A11y-CUA is a multimodal dataset containing real computer-use task trajectories from sighted users, blind and low vision users, and AI agents. The dataset includes structured interaction logs, metadata, screen video, and system audio for each task. It was created by berkeley-hci and was last updated on Hugging Face in April 2026.
Use Cases
- Train or evaluate multimodal AI agents for accessibility based on real user interaction logs.
- Analyze differences in computer-use patterns between sighted and blind/low vision users.
- Develop models for screen understanding and action prediction based on screen video and system audio.
- Benchmark assistive technologies using structured task trajectories and metadata.
Strengths
- Includes data from distinct user groups: sighted users, blind and low vision users, and AI agents (Claude-Sonnet-4.5, Qwen3-VL-32B-Instruct).

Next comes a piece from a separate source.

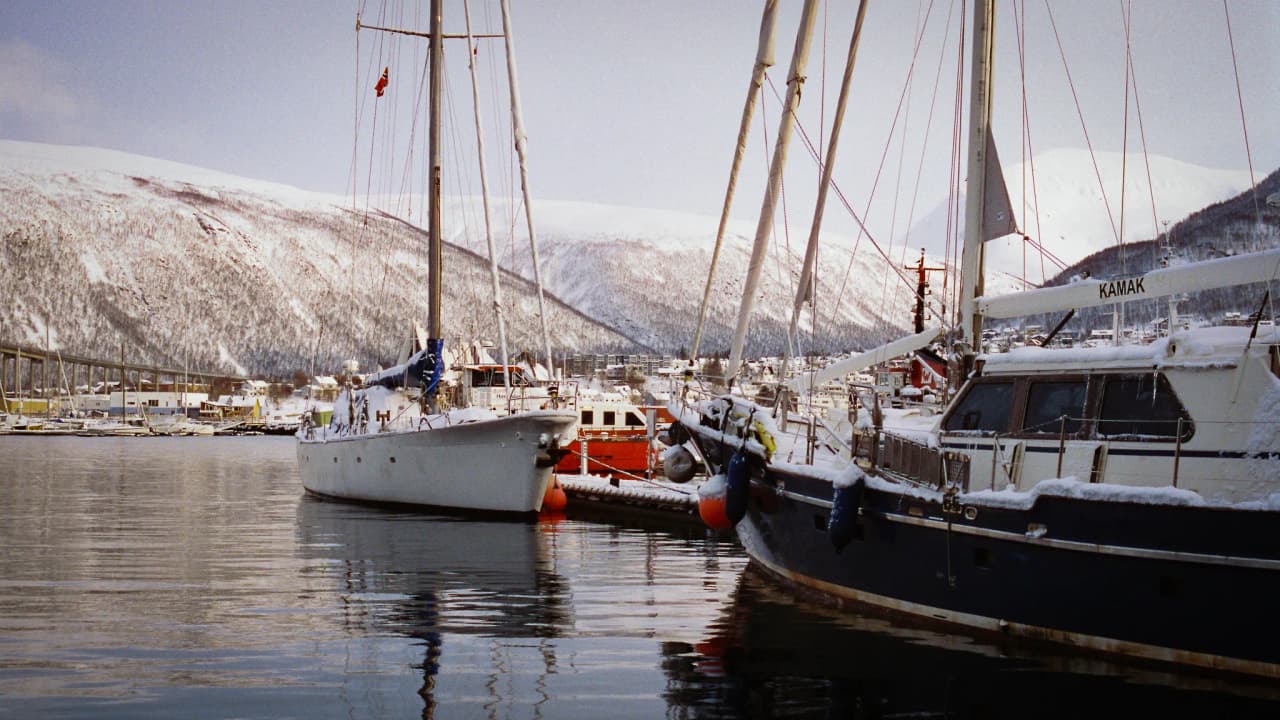 Two sailing boats moored in the harbour at Tromsø, surrounded by snow-capped mountains and a clear sky.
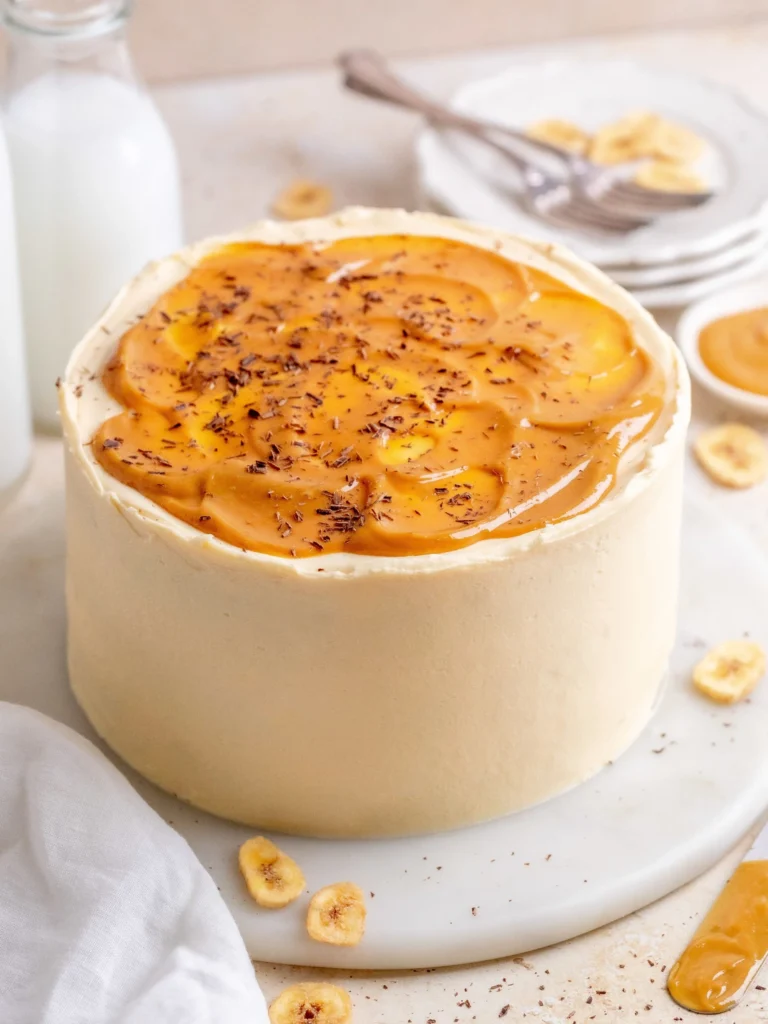A slice of decadent banoffee cake with banana and toffee toppings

- Contains multiple data modalities per task, including structured logs, metadata, screen video, and system audio.
- Based on real task trajectories, likely providing ecologically valid interaction data.
Limitations
- Column-level documentation is absent; field semantics must be inferred after download.
- Row count and dataset scale are unknown, which may limit suitability assessment.
- Description metadata is limited; actual data quality requires manual inspection after download.
Provenance
- Source
- berkeley-hci
- Collection Method
- Likely collected from real user and AI agent computer-use sessions.
- Freshness
- Last updated 2026-04-22 18:19:10; freshness should be verified.